**Problem to solve:** Print the entire listing below word for word, excluding its pictures.

**Data section:**
>>>>>

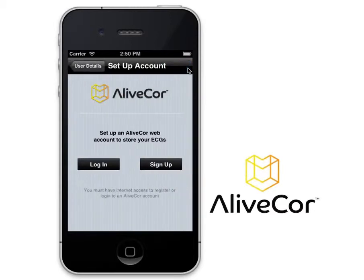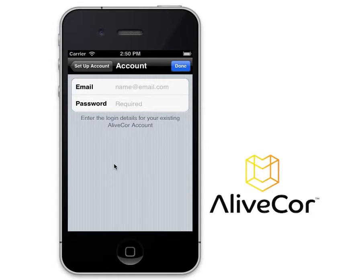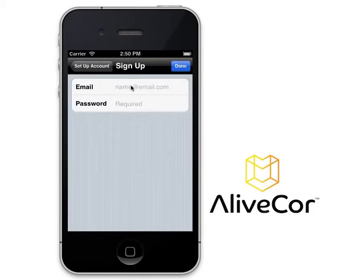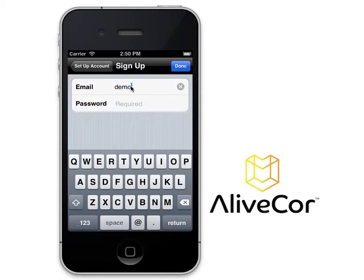Then, you will be asked to set up an AliveCore account. If you already have an AliveCore account, you may tap Login at this time and enter the email address and password associated with that account. If you do not yet have an AliveCore account, tap Sign Up, enter an email address, and then create a password to use with this account.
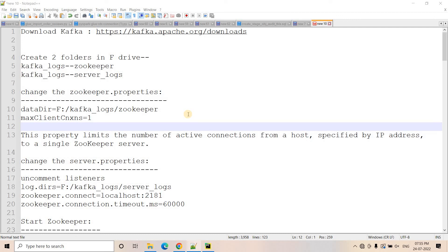Hello friends, welcome to our channel Knowledge Amplifier. Today in this particular video, I am going to discuss how you can integrate Kafka with Snowflake.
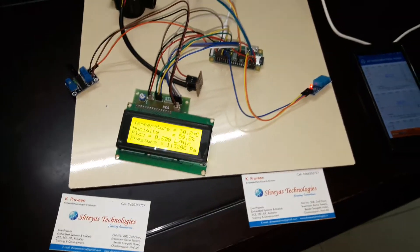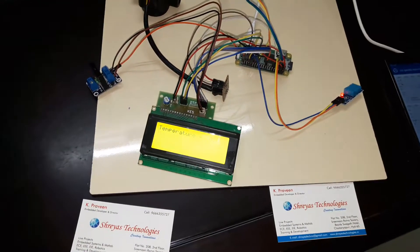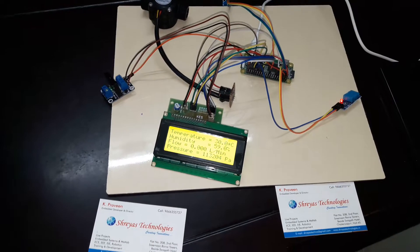Welcome to Shreyas Technologies. This is an IoT based sensor parameter monitoring project.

<<<<<

**Reply:**
Then, you will be asked to set up an AliveCore account. If you already have an AliveCore account, you may tap Login at this time and enter the email address and password associated with that account. If you do not yet have an AliveCore account, tap Sign Up, enter an email address, and then create a password to use with this account.
Hello friends, welcome to our channel Knowledge Amplifier. Today in this particular video, I am going to discuss how you can integrate Kafka with Snowflake.
Welcome to Shreyas Technologies. This is an IoT based sensor parameter monitoring project.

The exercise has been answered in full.